Un régime alimentaire sain pourrait réduire le risque de démence jusqu’à 29 % selon une étude de 15 ans

De nouveaux travaux scientifiques renforcent les preuves existantes liant une alimentation saine à un risque réduit de maladie d’Alzheimer et de démence. Une étude menée par des chercheurs suédois a révélé que les personnes présentant des biomarqueurs de la maladie d’Alzheimer et suivant un régime alimentaire à faible potentiel inflammatoire avaient un risque moindre de développer une démence.

Plus de 1 800 personnes âgées suivies pendant 15 ans

Les scientifiques ont suivi 1 865 personnes âgées non atteintes de démence pendant 15 ans. Ils ont évalué le régime alimentaire habituel des participants à l’aide d’un questionnaire de fréquence alimentaire composé de 98 items. Des biomarqueurs sanguins ont également été utilisés pour identifier les signes précoces de la maladie d’Alzheimer et d’autres indicateurs de neurodégénérescence.

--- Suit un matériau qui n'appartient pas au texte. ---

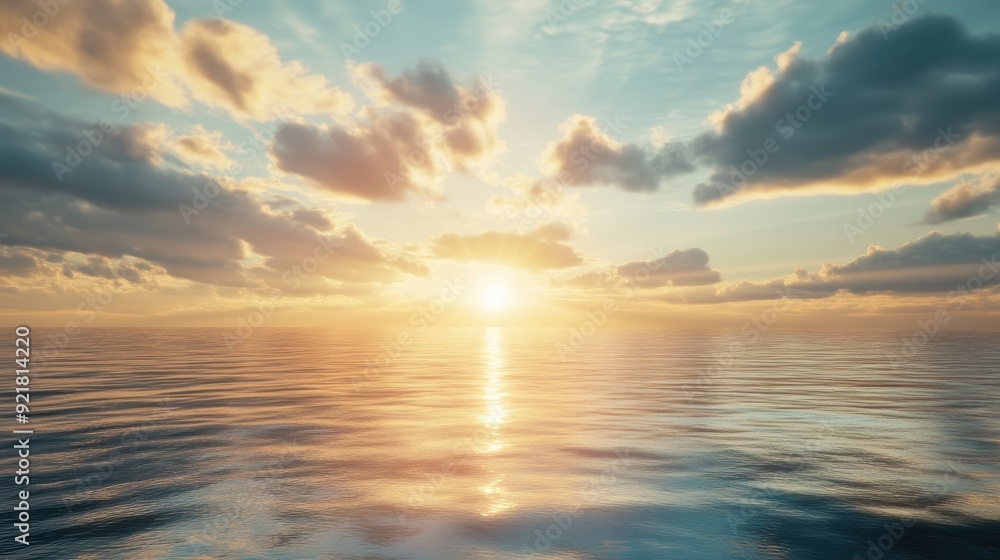 Soft morning rays illuminating a calm horizon, symbolizing the promise of a new day and the strength of belief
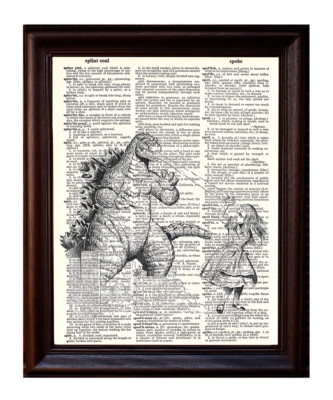 Godzilla Vs Alice - Dictionary Art Print Printed On Authentic Vintage Dictionary-image
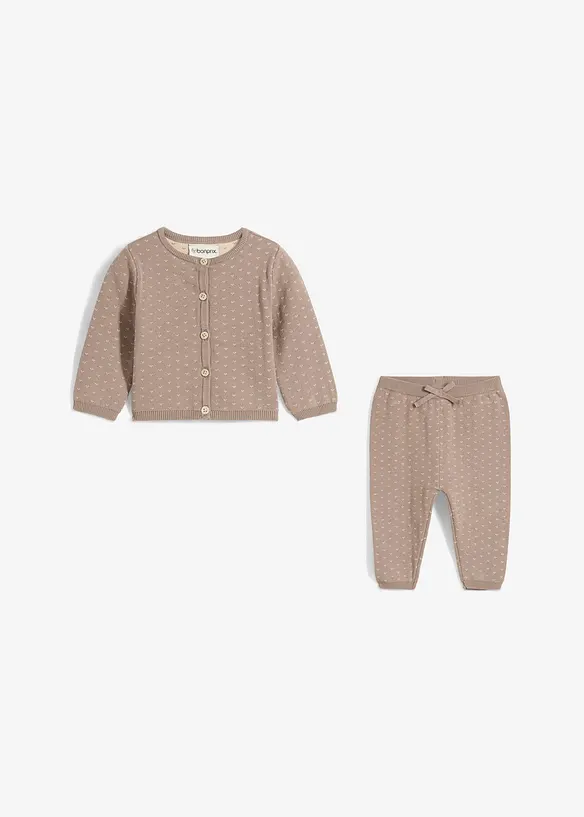 Cardigan e pantaloni in misto cotone (set 2 pezzi), bonprix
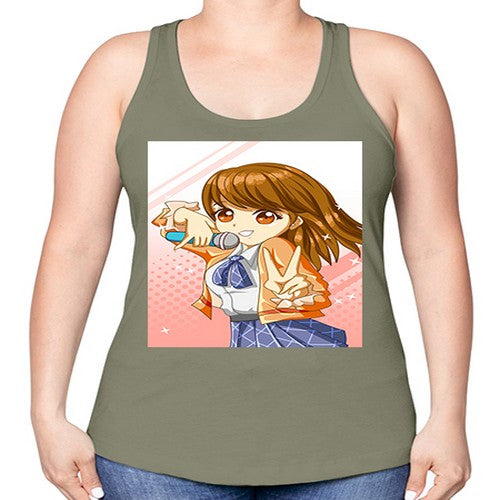 Cute teenage student girl singing song 47# - anime -Racerback Tank
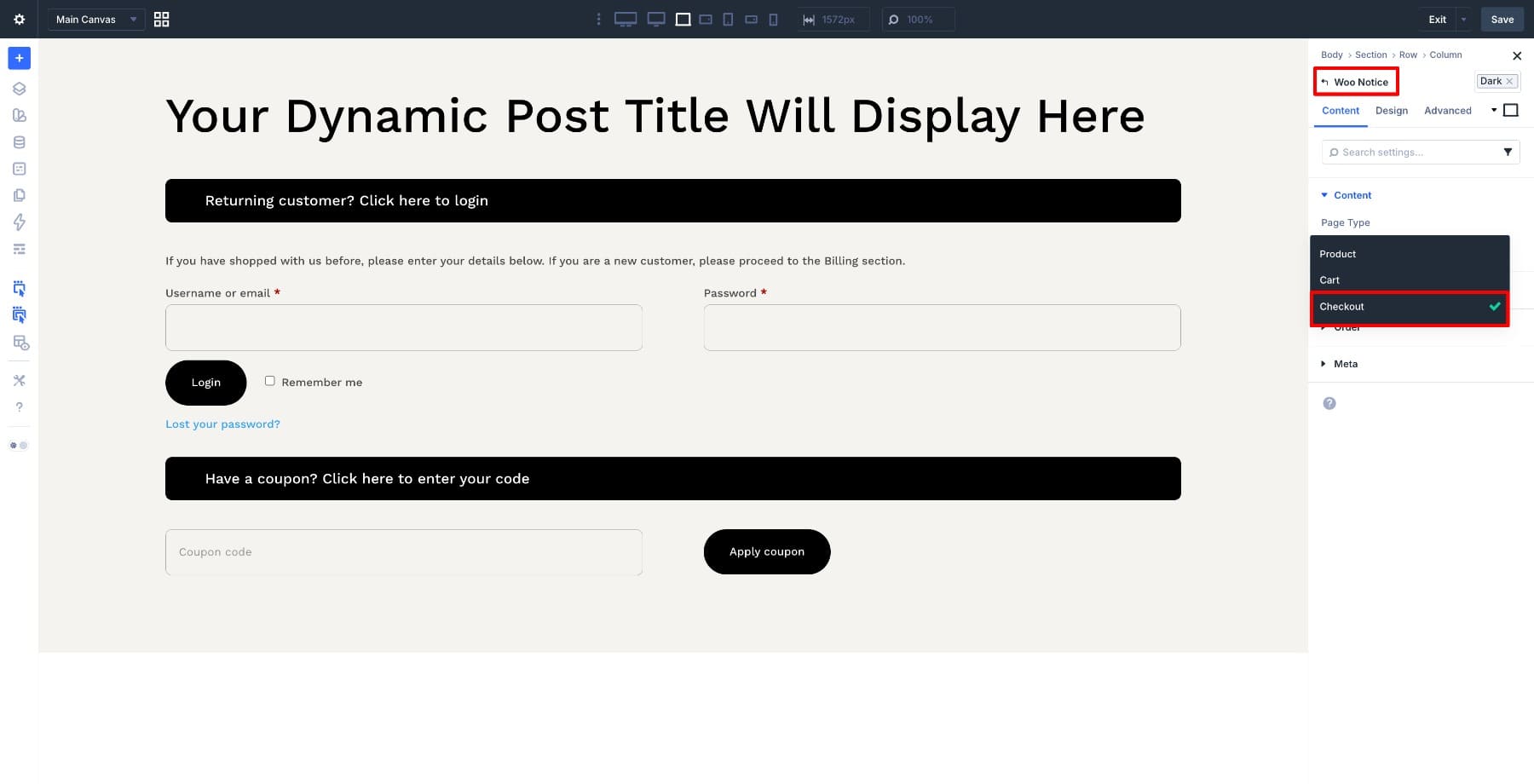 Woo Notice module set to Checkout in Divi 5
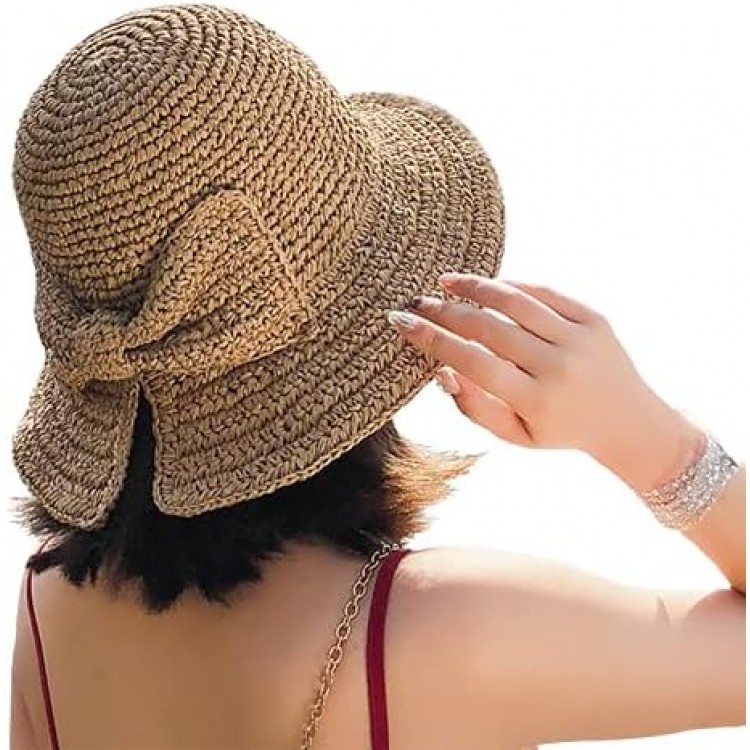 Foldable Wide Brim Floppy Straw Sun Hat Summer Beach Hat for Women Girl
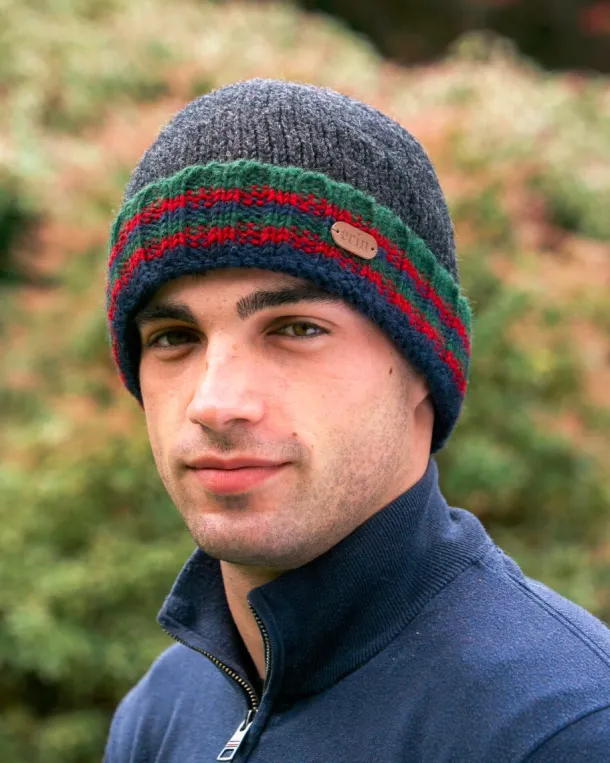 Rib pullon Turnup Hat Charcoal Green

La maladie d’Alzheimer est caractérisée par le développement de plaques amyloïdes bêta et d’enchevêtrements neurofibrillaires de protéines tau, qui s’accumulent dans le cerveau et perturbent les processus cognitifs. Cependant, ces plaques et enchevêtrements peuvent aussi être présents chez des personnes ne présentant aucun symptôme de la maladie.

Un risque de démence réduit de 21 à 29 %

Au cours des 15 années de suivi, 240 des 1 865 participants ont développé une démence. L’étude a montré que le risque de démence était diminué de 21 à 29 % chez les personnes ayant des niveaux élevés de biomarqueurs de la maladie d’Alzheimer et des scores élevés d’un indice évaluant le potentiel inflammatoire de l’alimentation (rEDII). Cela suggère qu’un régime alimentaire anti-inflammatoire pourrait être bénéfique pour les personnes à haut risque de démence.

Les habitudes alimentaires qui protègent le cœur, protègent aussi le cerveau

Cette étude établit un lien observationnel, sans pouvoir affirmer qu’une modification du régime alimentaire améliore le pronostic ou prévient la démence. Néanmoins, ces résultats confirment l’idée que la qualité de l’alimentation est essentielle à la santé cérébrale.

Pour les personnes âgées, il est recommandé de suivre les recommandations nutritionnelles établies, comme l’indique Anja Mrhar, chercheuse affiliée au Centre de recherche sur le vieillissement à l’Institut Karolinska à Stockholm.

Ces travaux démontrent que la démence n’est pas uniquement déterminée par des facteurs biologiques, et que des choix alimentaires peuvent influencer la survenue de la maladie.